[Bug]: Dataflow worker retries pipeline if FinishBundle blocks for too long
What happened?
While performing load tests for the FhirIO Import transform I implemented in #22460 for the Go SDK, I noticed that after the resources were successfully imported, the pipeline would restart from the beginning. It would do this 4 times until the pipeline fails with the error: The job failed because a work item has failed 4 times. Root cause: The worker lost contact with the service.
My theory is that because the import request performed inside FinishBundle takes several minutes to complete (since it is importing millions of resources), the runner thinks it failed and then it retries.
The reason for filing this issue is because a blocking call that takes the same amount of time does not cause this retry loop failure and completes successfully in the Java SDK, so there's a discrepancy there. Also because using a long-running FinishBundle method is a Beam design pattern that is widespread and even considered a best practice as described here.
The issue can be reproduced with a dummy pipeline that just sleeps for 20 minutes inside FinishBundle or any other DoFn lifecycle method.
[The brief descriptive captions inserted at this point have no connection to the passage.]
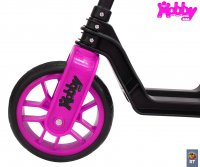 503  Hobby Bike Magestic Pink Black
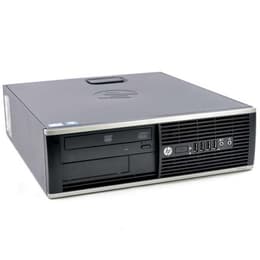 HP Compaq 8300 Elite SFF Core i5 3,2 GHz - SSD 256 Go RAM 8 Go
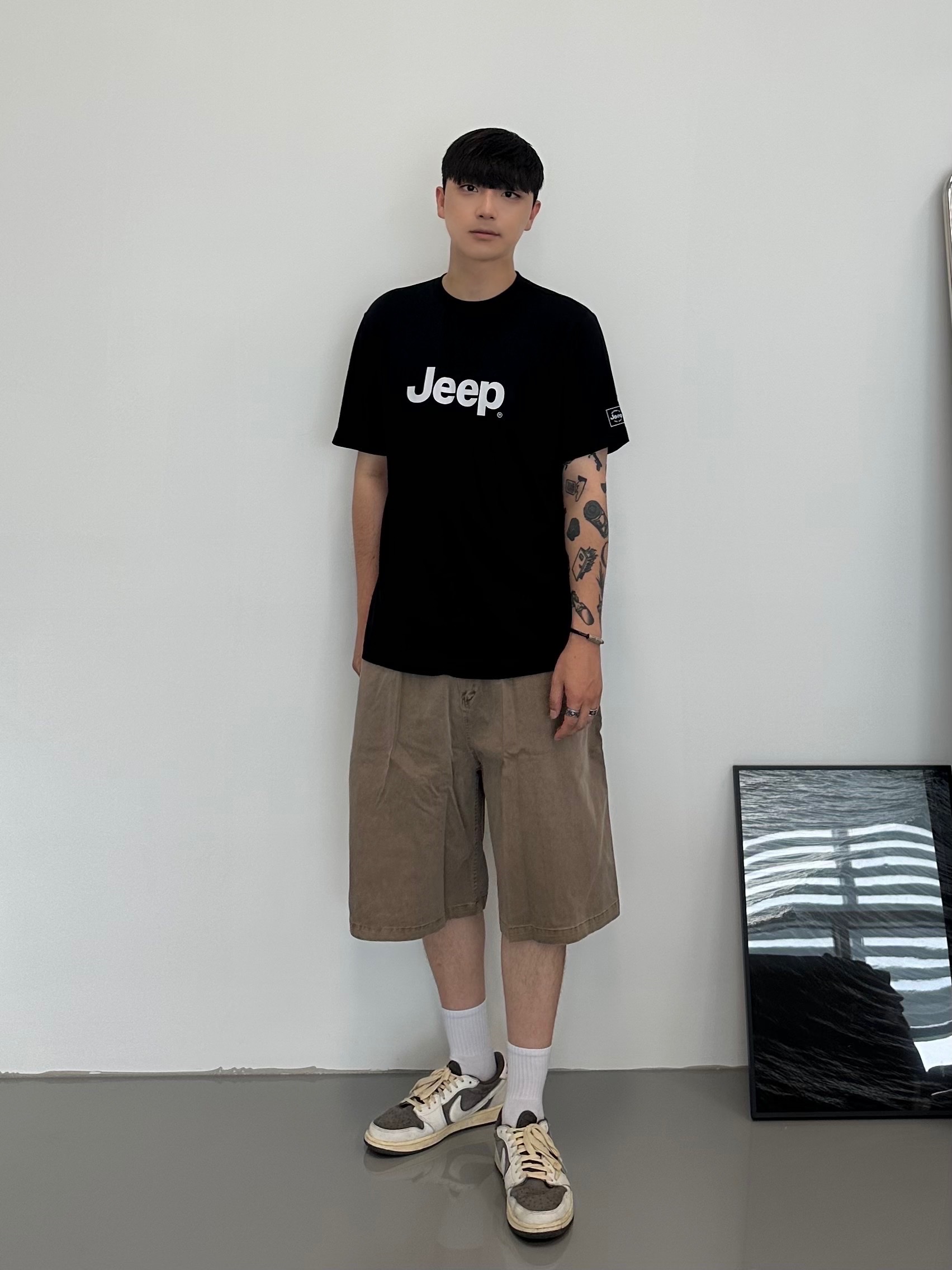 박 호 일님의 스타일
I made these dummy pipelines available so others can easily reproduce the issue themselves: https://github.com/apache/beam/compare/master...lnogueir:beam:dataflowWorkerLiveness
Instructions on how to execute them are commented on the files in the link above.
I have validated that the Java SDK doesn't experience this issue on neither runner V1 nor V2.
CC: @lostluck @jrmccluskey @msbukal @youngoli
Issue Priority
Priority: 2
Issue Component
Component: io-go-gcp
I'll note that that advice is for streaming pipelines, not batch pipelines.
The code should still institute a cap to the batch sizes (where it then makes the request, and then starts filling another batch), as a single "bundle" could be billions of eleemnts in batch contexts, while they tend to be about a dozen in streaming ones.
Essentially, waiting until FinishBundle means that the actually batch sizes are dictated unknowingly by the runner. Better to set hard caps and self batch a little first (either by end RPC size if constructed in progress, or by simple count cap if per element size adds up). The goal is always to get the task done, not to simply rote follow
That said, it is odd if the Java side is doing the same approach exactly with FinishBundle, and not failing. That's worth keeping the issue around even after implementing batching in the code.
The worst thing would be that the Java SDK has as different "keep alive" behavior than the Go SDK. This should be handled in the FnAPI with the bundle progress responses.
But that seems unlikely. Given that the issue can be worked around by adjusting the DoFn, this should remain at most a P2 until further investigation indicates otherwise.